Like I said, no offense meant. By all means carry on doing your …thing. Much like Brooks’ weird little piece, having it all spelled out clearly provides people an object lesson on how not to think, and helps provide insight into how it is that all manner of nonsensical ideas come to be believed, insight into the mechanism of the thinking that embraces these fallacious beliefs.
(Although that’s the thing. In a discussion space devoted specifically to rational reasonable spirituality, which I believe is what Brian intends for Churchless, it does make sense to sometimes discuss these things. So that, while Brooks’ piece is obviously nonsense, from beginning to end, and ideally should be left alone after a quick glance: but it does make sense to sometimes dissect that nonsense clearly — not all the time, but sometimes, occasionally — which is what Brian has done here, and following him I as well. Likewise, you mustn’t mind if occasionally your fallacious thinking, that you lay out for display here, is examined and remarked on. Particularly when that bears on the main discussion, as here.)
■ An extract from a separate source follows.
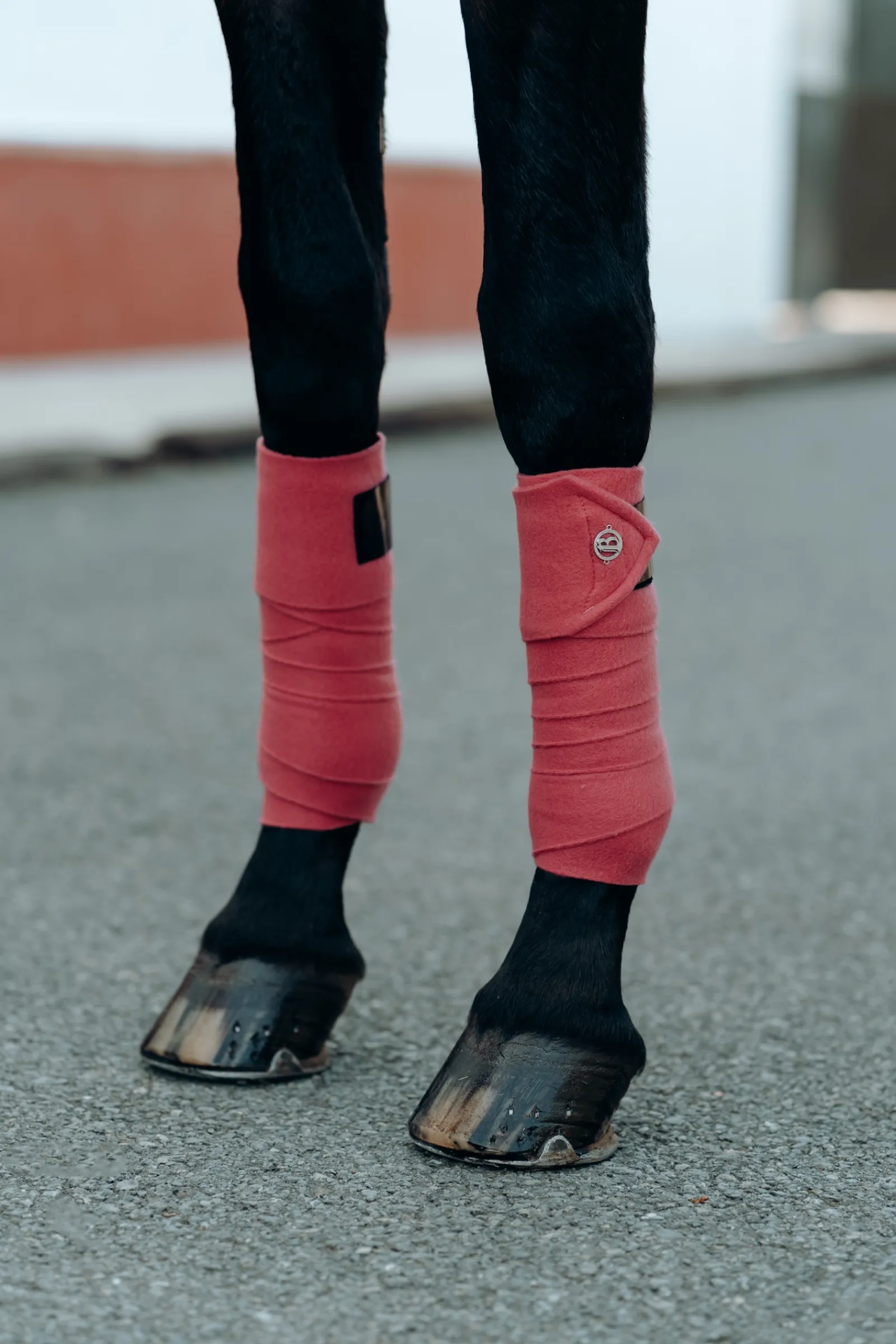 Sale bvertigo B Vertigo Laurel Fleecepintelit Mineral Red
“Preaching the Gospel of Spiritual Independence”…
I just realized what a contradiction that phrase is. “Spiritual Independence” is an oxymoron. If you are spiritual you immediately realize you are not independent at all.
Hi Appreciative
You wrote
“the strawman consists in your implying that the reasonable atheist does not think that.”
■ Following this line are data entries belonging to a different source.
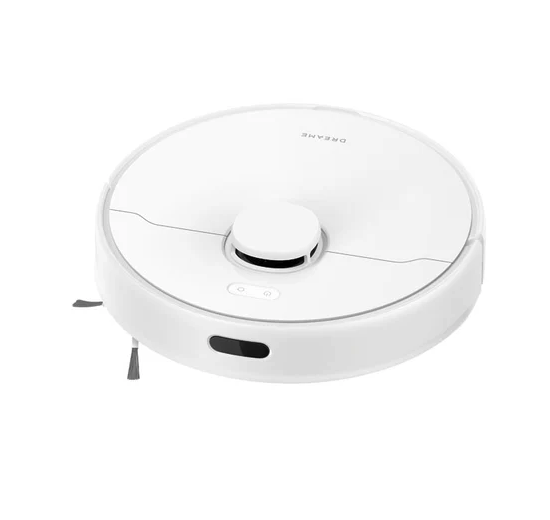 Dreame D10 Plus Gen 2 robotdammsugare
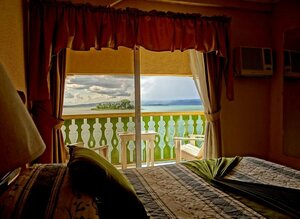 Гостиница Hotel Petén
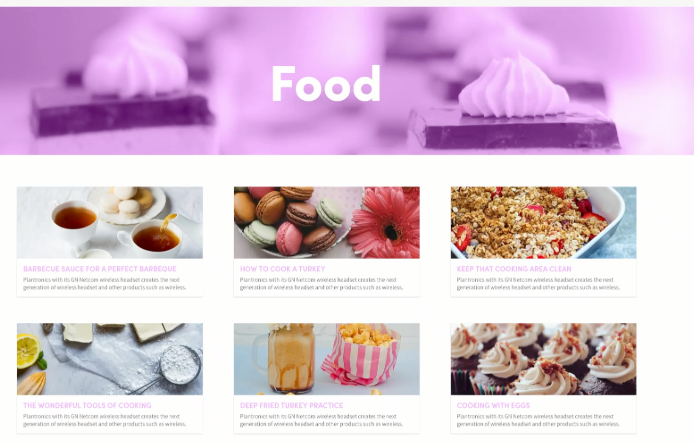 Image [4] - Modèle d'archive Elementor vs modèle unique : 90% Les débutants utilisent souvent le mauvais modèle dès le départ.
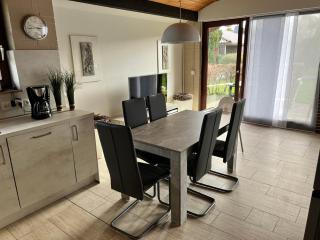 Bungalow 6060 in Tossens - Stick - 7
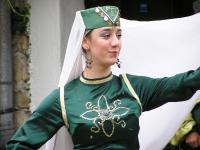 Татарский танец - фото 1527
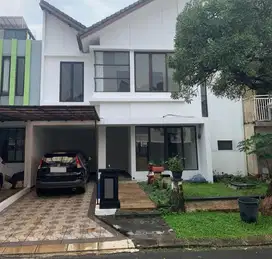 Rumah Bagus Siap Huni di Gading Serpong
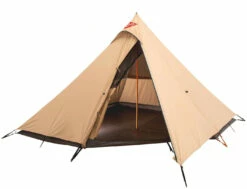 Spatz Wigwam 4 BTC Brown Sand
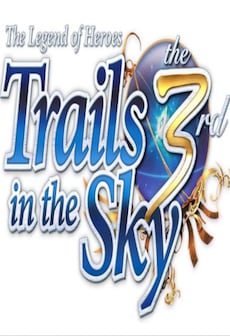 

The Legend of Heroes: Trails in the Sky the 3rd Steam Gift GLOBAL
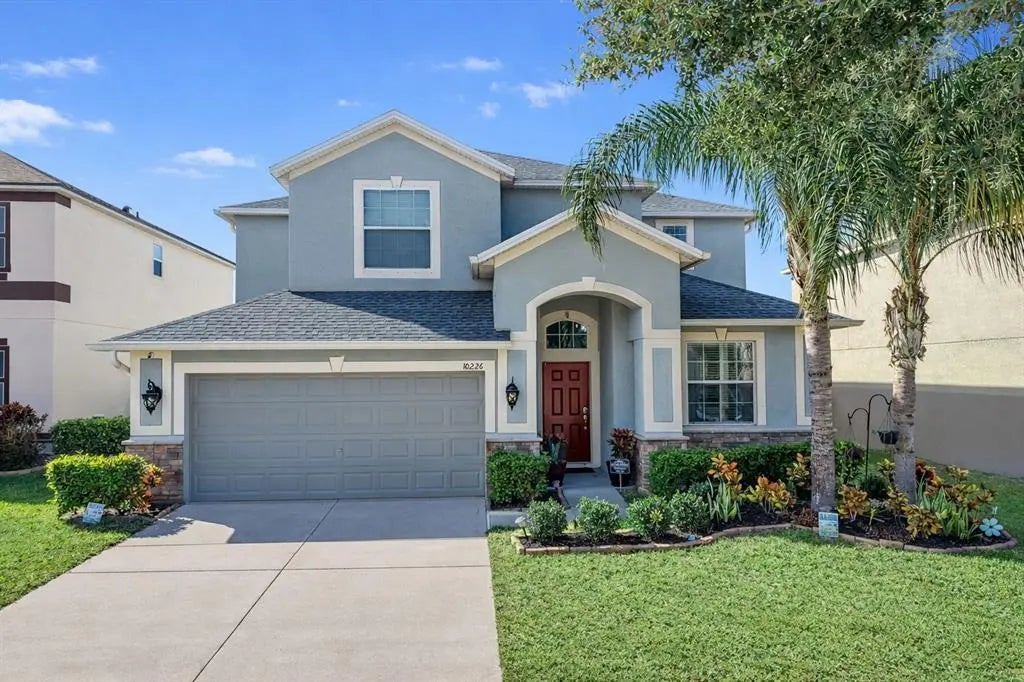 10226 Summer Azure Drive, RIVERVIEW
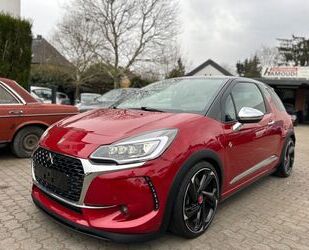 DS Automobiles DS3 Gebrauchtwagen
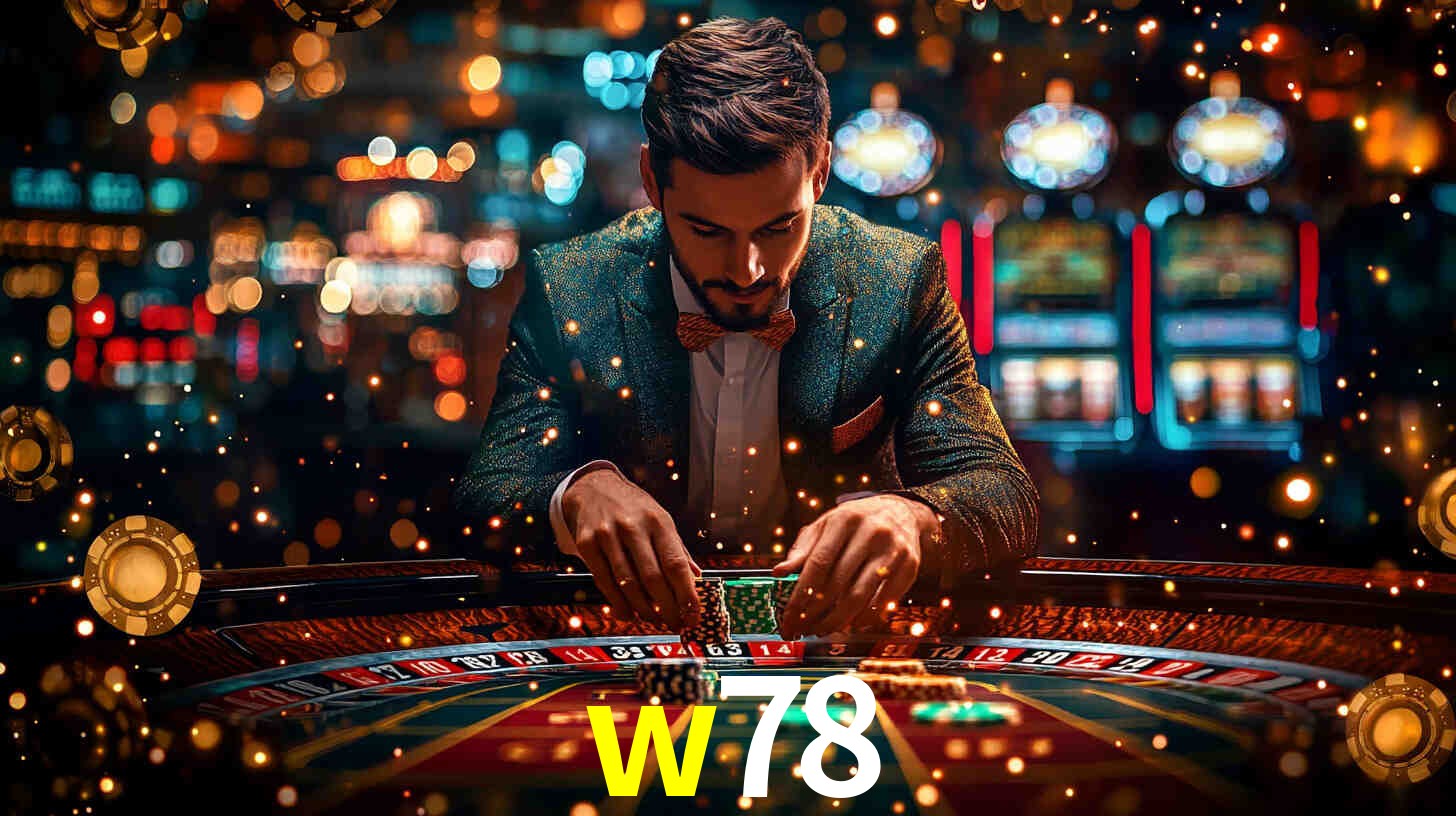 Licença Curaçao w78
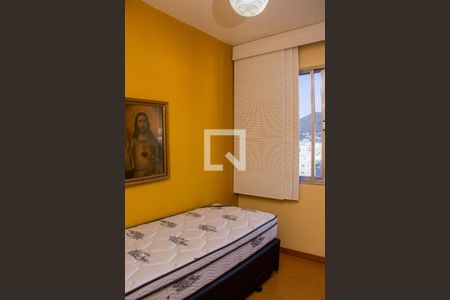 Apartamento à venda com 67m², 2 quartos e 1 vagaQuarto 01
… “True, no one knows if there’s a teapot orbiting Mars, or an invisible dragon within my garage: but it is reasonable to reject both hypothesis until such time as evidence bears out those claims.”
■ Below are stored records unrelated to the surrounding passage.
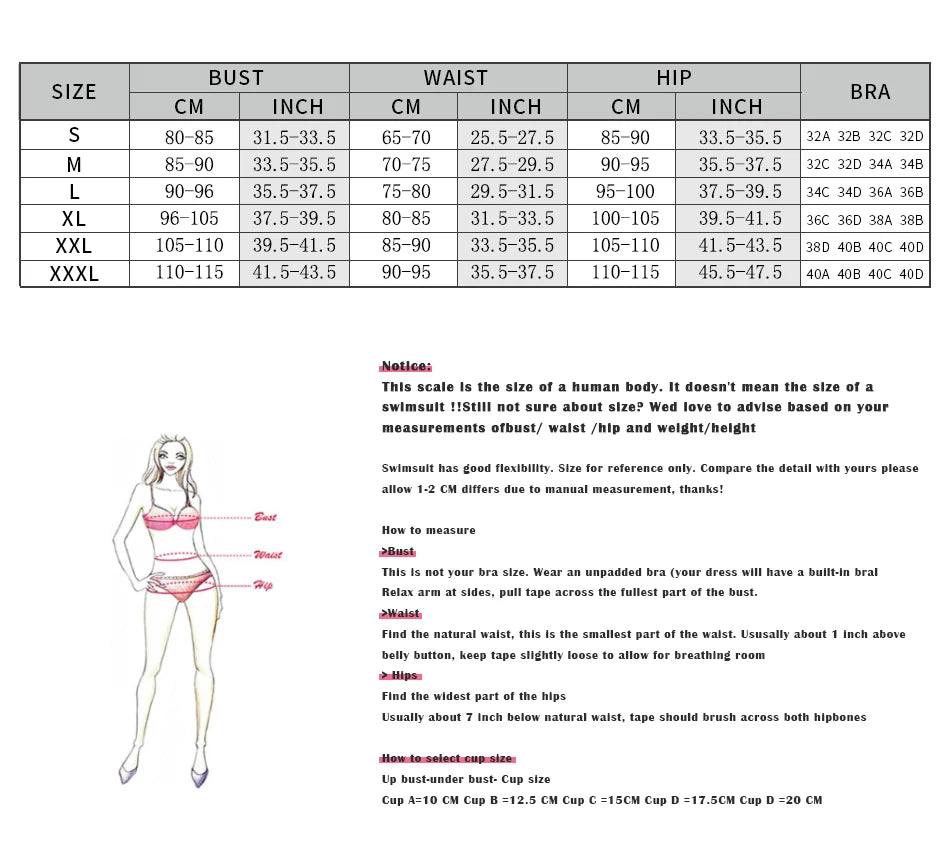 Micro Bikini Push Up Women Swimsuits 2026 Sexy Female Swimwear Brazilian Bikini Set Thong Biquini Swim Suits Print Beachwear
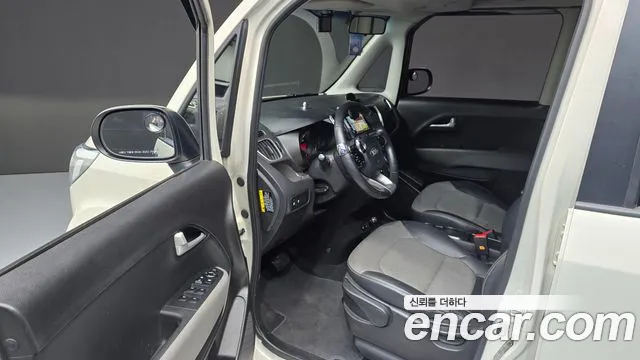 Kia Ray 2018 thumb 5
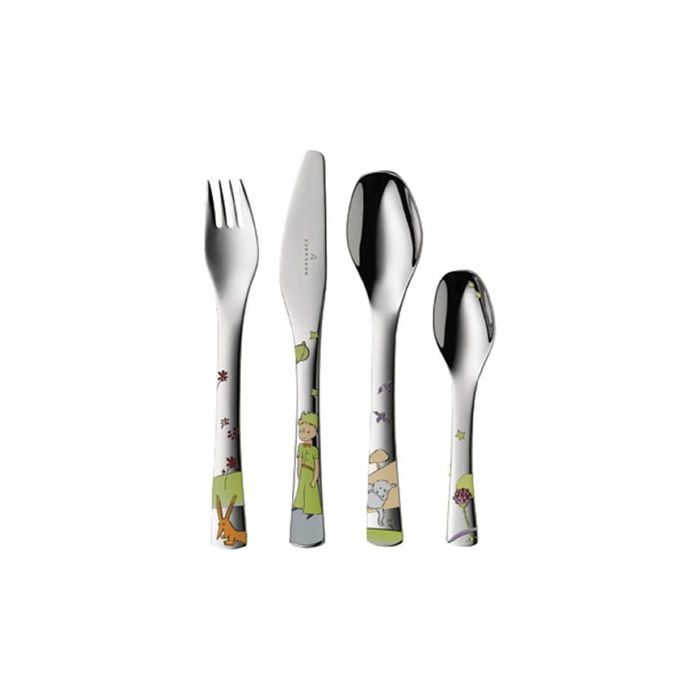 couvert enfant le petit prince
To reject a specific hypothesis as false is not the only alternative to accepting it as true.
It’s unknown. Therefore to reject any hypothesis about the unknown as false implies a knowledge about the unknown we don’t have.
My point is that applying colloquial and pragmatic criteria to the unknown has already been shown to have a very high failure rate. Reality often is counter intuitive. Therefore the wise Atheist avoids passing comments about it except to confirm, “I can’t reject your claim nor accept it. From my perspective it’s unknown.”
The rational Atheist doesn’t need to know. They lose nothing by confirming it. But they gain universal credibility doing so.
Your objection I preempted, and have addressed aleady, in the portions immediately following those quotes, that I see you’ve carefully left out. Strawman yet again. What I said about interminally going through the motions of rational thought and discourse, as opposed to actually engaging in such and following such to where it leads.
Russel’s teapot. Sagan’s dragon. Silly to believe in such until evidence is uncovered. Which does not mean one is closed minded, no one is stopping anyone from investigating those things.
Like clearly discusses in those scientific worldview threads. And, in any case, like clearly spelled out in my comment that you responded to, in the portions you’ve carefully left out in order to go through the motions of engaging rationally with my comment.
Or, to put the same thing in context of your own words, where you say: “I can’t reject your claim nor accept it. From my perspective it’s unknown.”
No. Emphatically no. Instead, this: I can’t directly reject, nor accept, your claim that there’s a teapot orbiting Mars. But my not accepting your contention is functionally the same as my rejecting it. It is your burden of proof, the onus is on you to prove (using not the technical but the loose colloquial sense of it, to preempt yet another nitpick) the existence of this teapot. Absent such “proof”, it’s silly of you to believe it, and it would be silly of me to believe you.
———-
But again, none of this is new. Discussed to death in our threads of scientific worldview as well as soft atheism. (That functional rejection, by not accepting it, IS soft atheism.)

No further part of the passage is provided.